Nad dokumentem pracowano od 1996 roku. Dlaczego udało się dojść do porozumienia właśnie teraz? Główna linia sporu przebiegała między Moskwą a Teheranem i dotyczyła sposobu podziału akwenu i zasobów energetycznych. Ostatnio kwestie bezpieczeństwa odsunęły w cień sprawy energetyczne – zarówno w optyce Moskwy, jak i Teheranu. Rosji i Iranowi zależało na prawnym zablokowaniu możliwości pojawienia się na akwenie obcych sił wojskowych. Moskwa i Teheran z niepokojem patrzą na używanie terytorium Azerbejdżanu i Kazachstanu przez Amerykanów do tranzytu dostaw do Afganistanu. Prezydent Hassan Rowhani w Aktau wskazał, że jeden z punktów konwencji przewiduje zakaz stacjonowania na Morzu Kaspijskim sił zbrojnych krajów spoza kaspijskiej piątki.
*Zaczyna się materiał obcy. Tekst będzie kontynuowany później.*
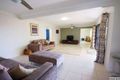 Property photo of 44 Thornlands Road Thornlands QLD 4164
Akwen ma bogate złoża węglowodorów i stanowi naturalną barierę między ogromnymi złożami turkmeńskiego gazu ziemnego a Europą. W 2012 roku kaspijskie rezerwy szacowano na 48 mld baryłek ropy i 292 bln m³ gazu. Porozumienie ułatwi rozwój eksploatacji i eksportu surowców. Konwencja przewiduje, że np. Rosja nie może ingerować w realizację projektu Gazociągu Transkaspijskiego (TCP) łączącego Turkmenistan z Azerbejdżanem. TCP dałby Turkmenom bezpośredni punkt dostępu do biegnącej do Europy infrastruktury transportowej znanej jako Południowy Korytarz Gazowy. Gazociąg Transkaspijski byłby przykładem zachęcającym innych. Na przykład większość idącego obecnie na zachód eksportu ropy z Kazachstanu idzie lądem, poprzez rurociągi rosyjskie, lub tankowcami przez M. Kaspijskie. Pojawienie się Gazociągu Transkaspijskiego otwierałoby możliwość poprowadzenia wzdłuż tej samej trasy ropociągu.
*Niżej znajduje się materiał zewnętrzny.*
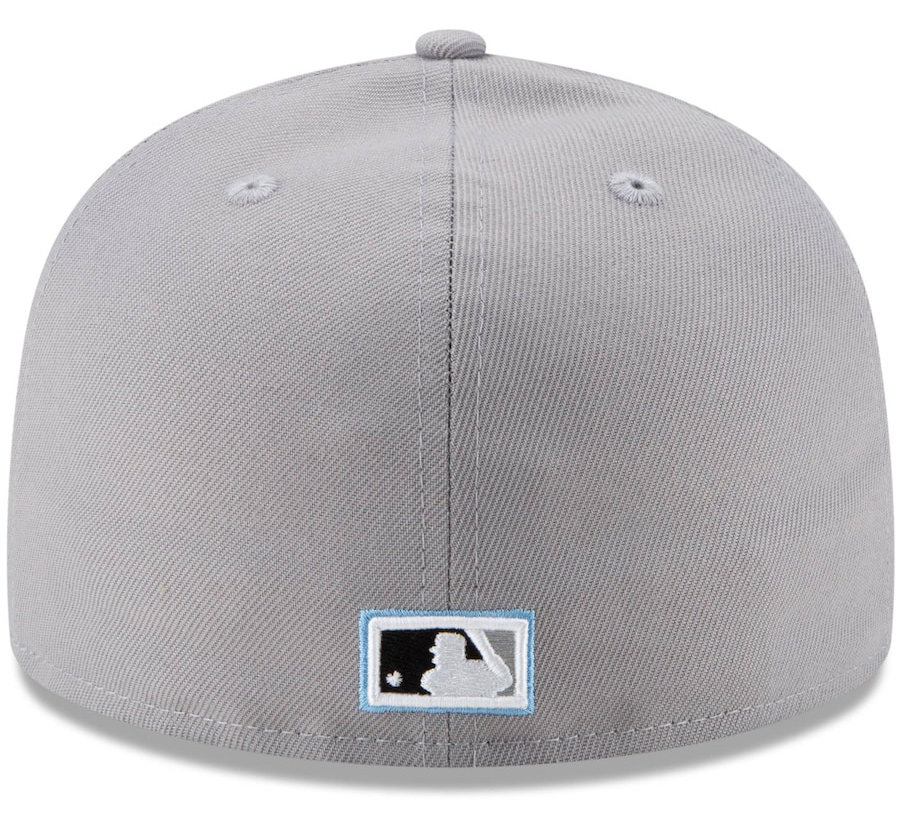 jordan-4-university-blue-grey-new-era-fitted-cap-new-york-yankees-4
Dlaczego Rosjanie odblokowali możliwość budowy omijającego Rosję TCP? Moskwa może też w ten sposób zyskać argument w rozmowach w Brukseli, wskazując, że nie blokuje konkurencji dla Nord Stream 2. Problem w tym, że wielkiego zapotrzebowania na gaz turkmeński w Europie nie ma. Z jednej strony konsumpcja nie wzrośnie znacząco w najbliższym czasie, a i tak jest zaspokajana przez Rosję. Z drugiej strony pojawiają się konkurenci, w rodzaju Egiptu. Zmieniła się sytuacja. Kiedyś Moskwa mogła się obawiać, że kaspijski surowiec będzie liczącym się rywalem dla Gazpromu, dziś dostawy turkmeńskie prędzej rywalizowałyby z amerykańskim LNG. Jest też inny możliwy motyw działania Rosjan. Otóż TCP oznaczałby dywersyfikację eksportu turkmeńskiego gazu. Obecnie kraj ten, posiadając czwarte na świecie rezerwy gazu, niemal wszystko sprzedaje do Chin. Duże ilości turkmeńskiego gazu na rynku chińskim negatywnie wpłyną zaś na cenę i wielkość eksportu rosyjskiego gazu do Chin przez budowany obecnie gazociąg Siła Syberii. Moskwa może zresztą łatwo uśmiercić ideę TCP – wystarczy, że wznowi import gazu z Turkmenistanu (wstrzymany w styczniu 2016). Takie sygnały płyną już z rosyjskiego ministerstwa energii. Rosjanie mogą kupować turkmeński surowiec lub zaoferować jego tranzyt do Europy swoimi gazociągami.